**How to complete this task**. Taking the line with "Produktbild von DORINA" as the first and the line with "Íman Rosa Floral" as the last, set down the lines below exactly, pictures excluded.

**Exercise materials**.

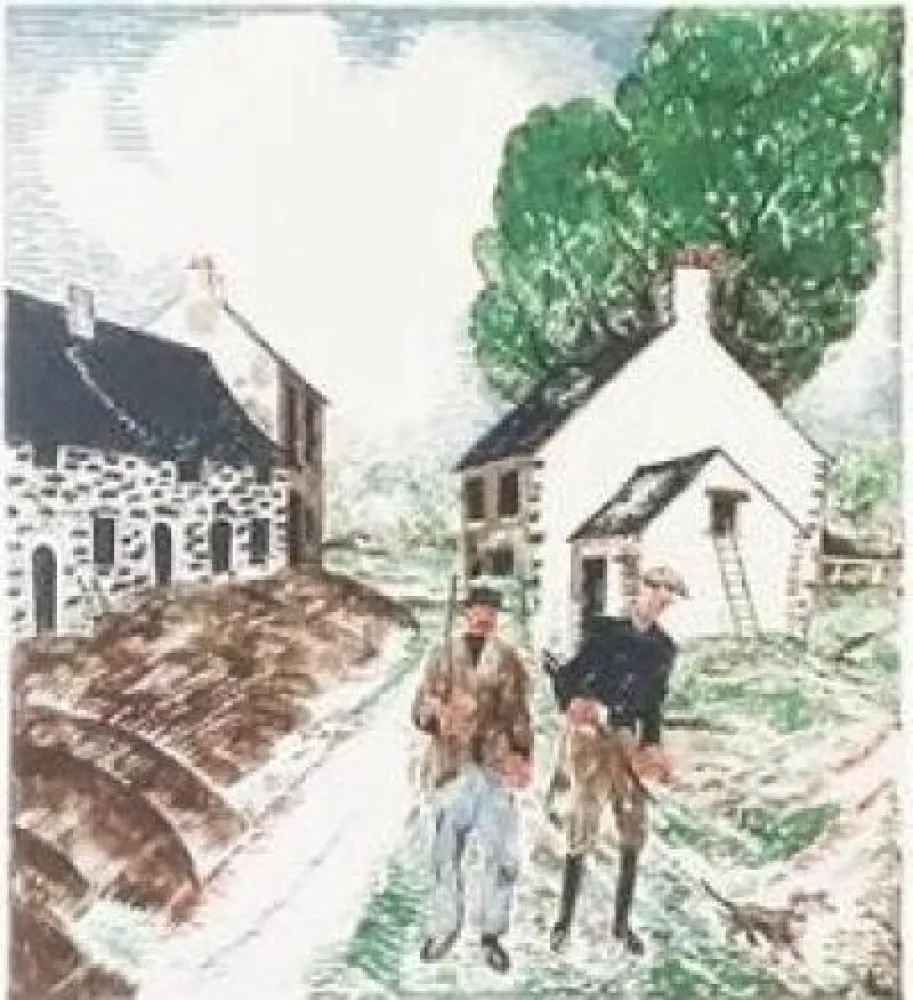 Lithograph Laboureur - Retour de chasse (1927)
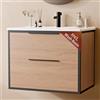ELUCHANG Mobile Bagno con Lavabo con Lavatoio Ceramica,Oak | Lavabo con mobiletto inferiore, 60 x 40 x 58 cm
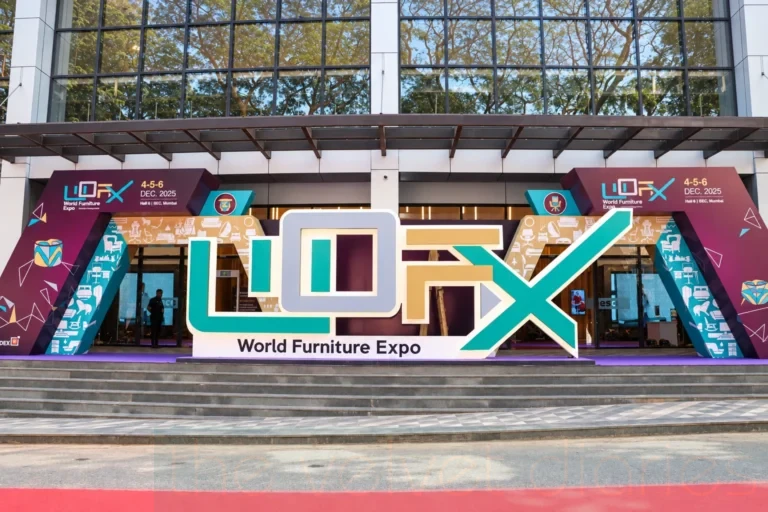 Exhibition branding photography at World Furniture Expo, Bombay Exhibition Centre, Goregaon East, Mumbai, featuring large event signage and branded entrance displays.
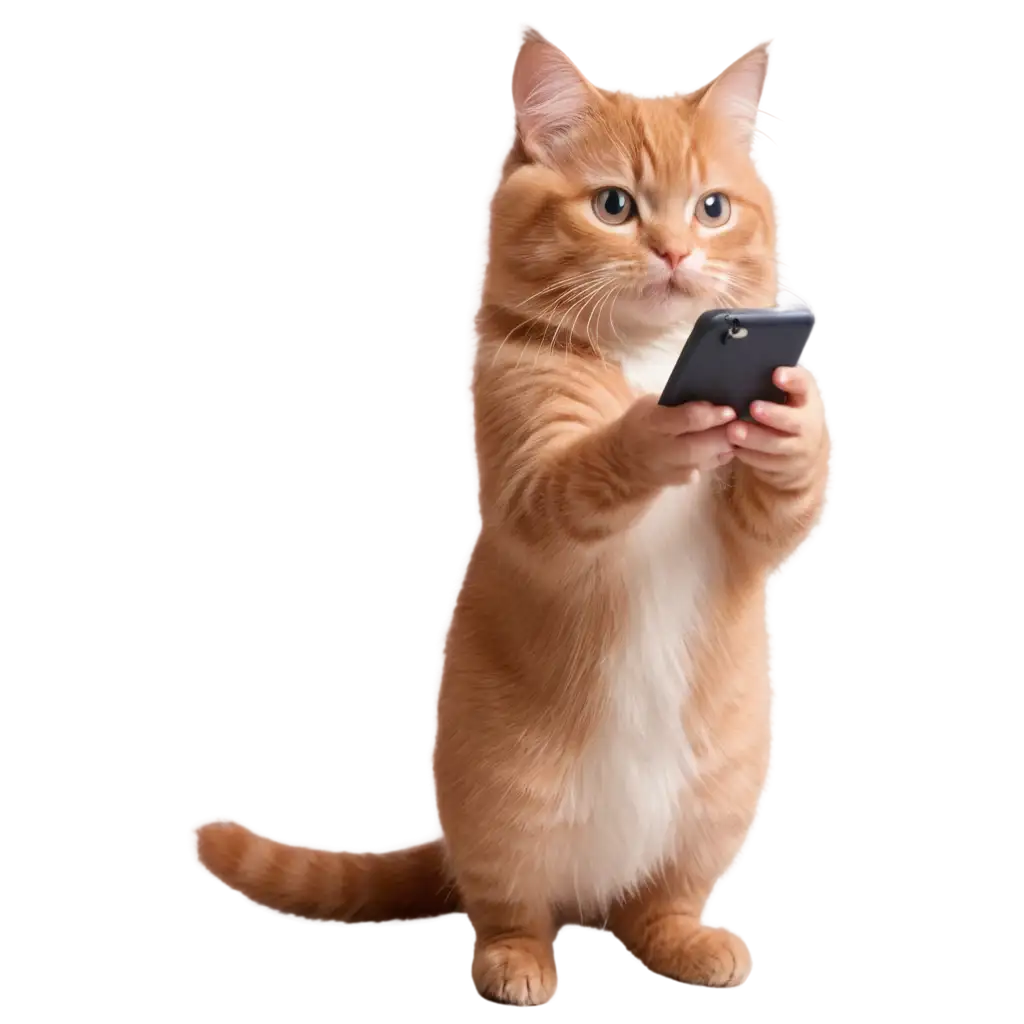 Adorable-Cat-Holding-Mobile-Phone-PNG-Image-Explore-Cute-Reels-Scrolling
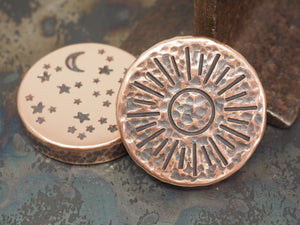 
            
                Load image into Gallery viewer, Handmade Hammered Coin - &amp;#39;Night vs Day&amp;#39; Design - Brass or Copper
            
        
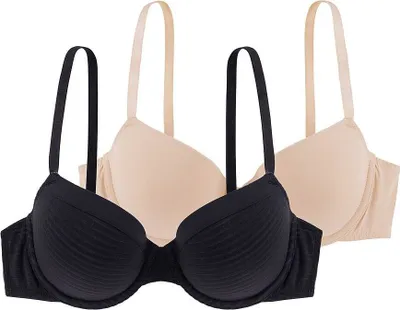 Produktbild von DORINA Doppelpack T-Shirt BH Louise/ECO, D001925 (BH Größe: 90 D / Farbe: schwarz/blush)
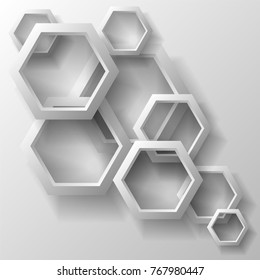 Vector illustration of an abstract geometric background consisting of intersecting shapes with a shadow, infographics.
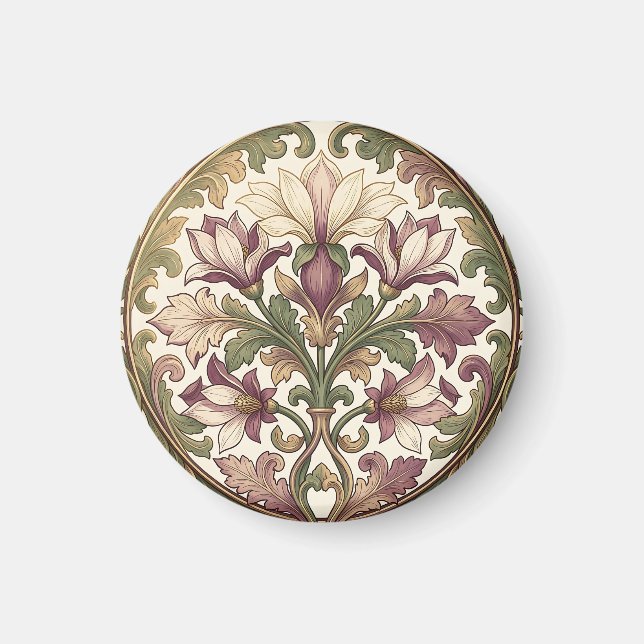 Íman Rosa Floral Ornata Creme Roxo Vitoriano  (Frente)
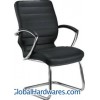 Executive black leather visitors chair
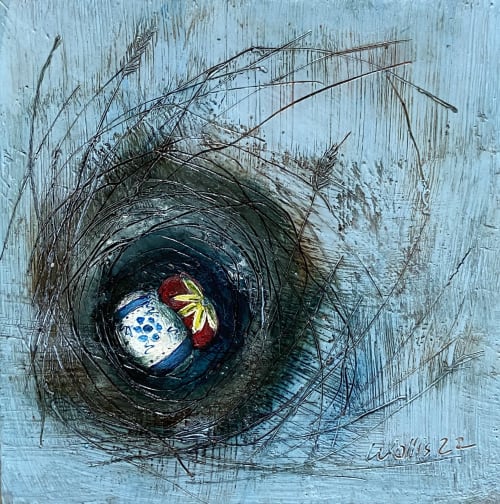 Protection for Two | Mixed Media in Paintings by Susan Wallis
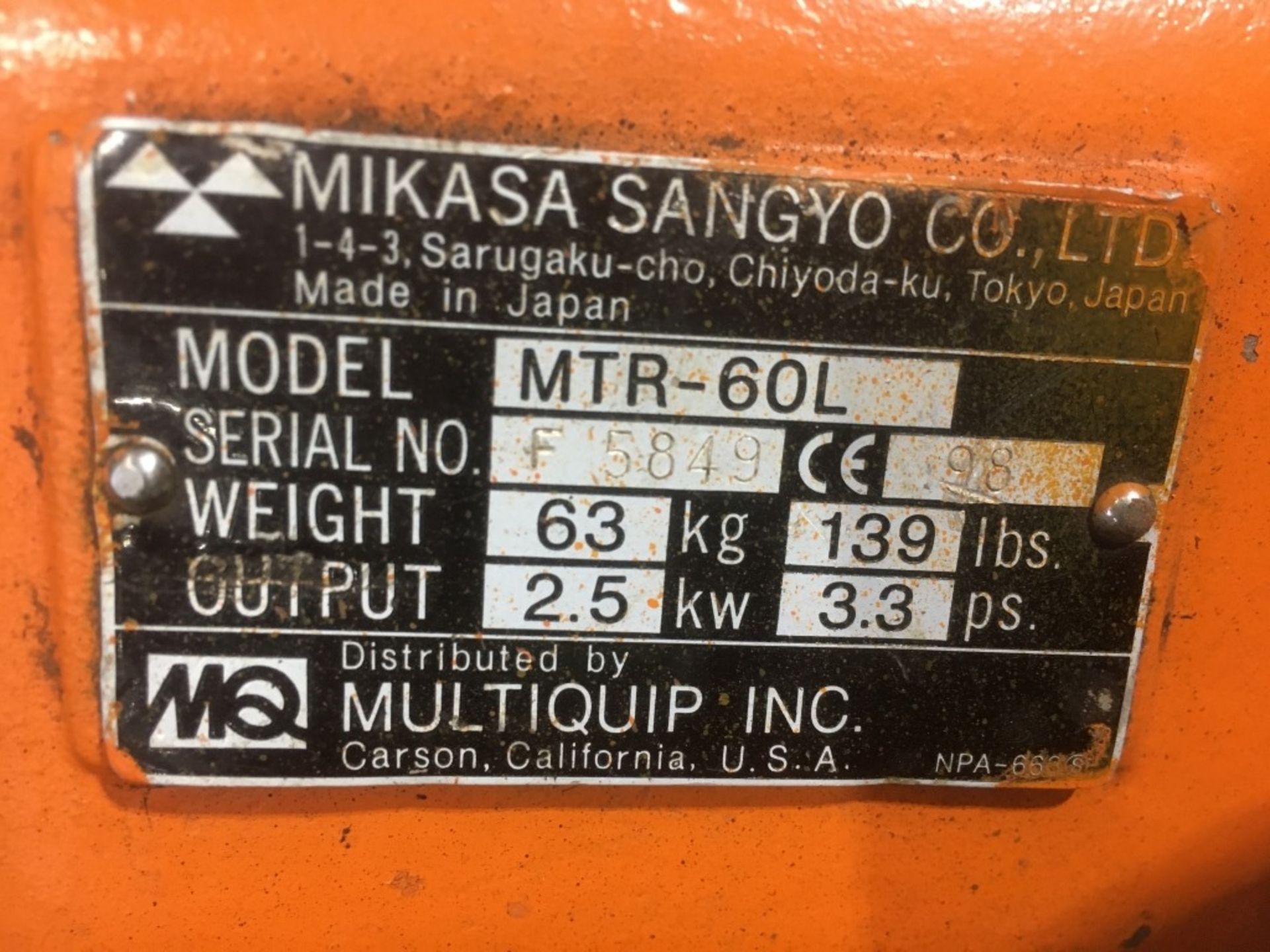 Mikasa MTR-60L Jumping Jack Tamper - Image 8 of 8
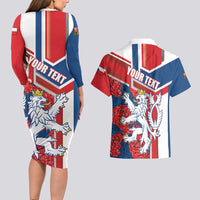 Personalised Czech Republic Couples Matching Long Sleeve Bodycon Dress and Hawaiian Shirt Czechia Lion Rosa Pattern - Wonder Print Shop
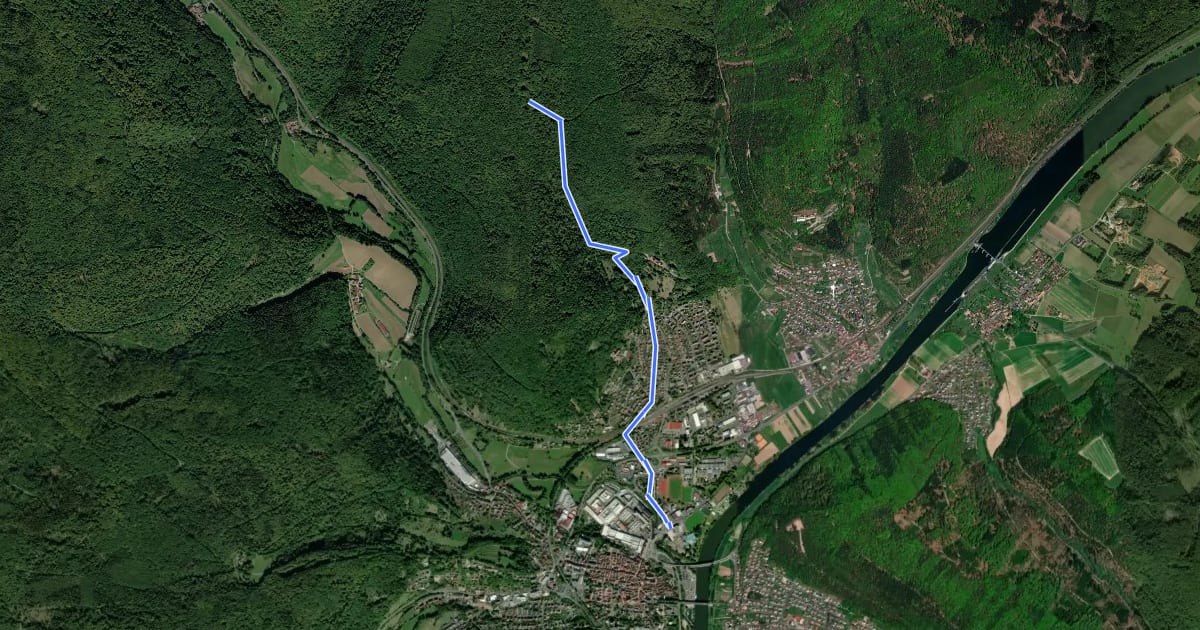 Маршрут Ortswanderweg Lohr 1 на спутниковом снимке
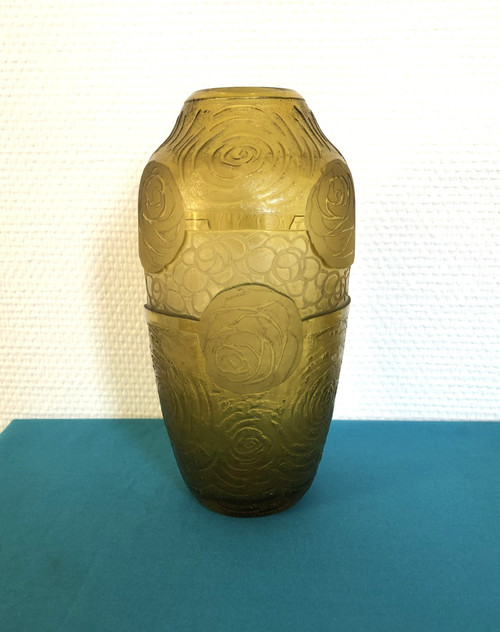 Ancien vase ART DECO en cristal gravé à l'acide signé MONTJOYE 21 cm Legras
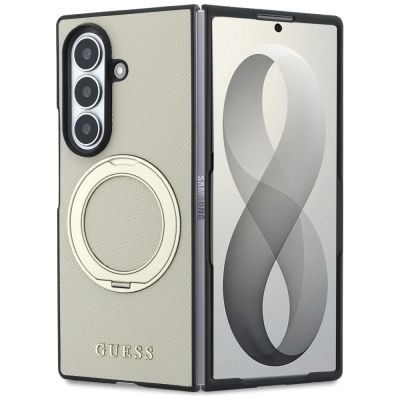 2. Guess Magnetic Ring Stand Grained Classic Logo MagSafe case for Samsung Galaxy Z Fold 8 Ultra - beige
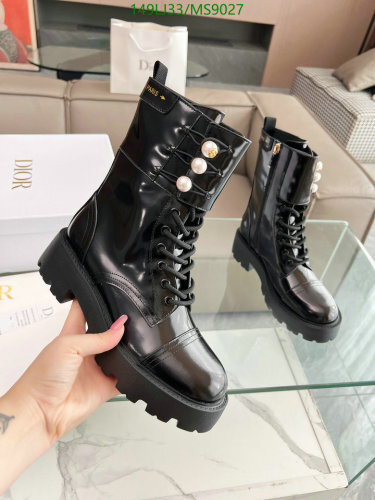 Dior-Inspired Black Cowhide Pearl Embellished Lace-Up Platform Ankle Boots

**Task output**.
 Produktbild von DORINA Doppelpack T-Shirt BH Louise/ECO, D001925 (BH Größe: 90 D / Farbe: schwarz/blush)
 Vector illustration of an abstract geometric background consisting of intersecting shapes with a shadow, infographics.
 Íman Rosa Floral Ornata Creme Roxo Vitoriano  (Frente)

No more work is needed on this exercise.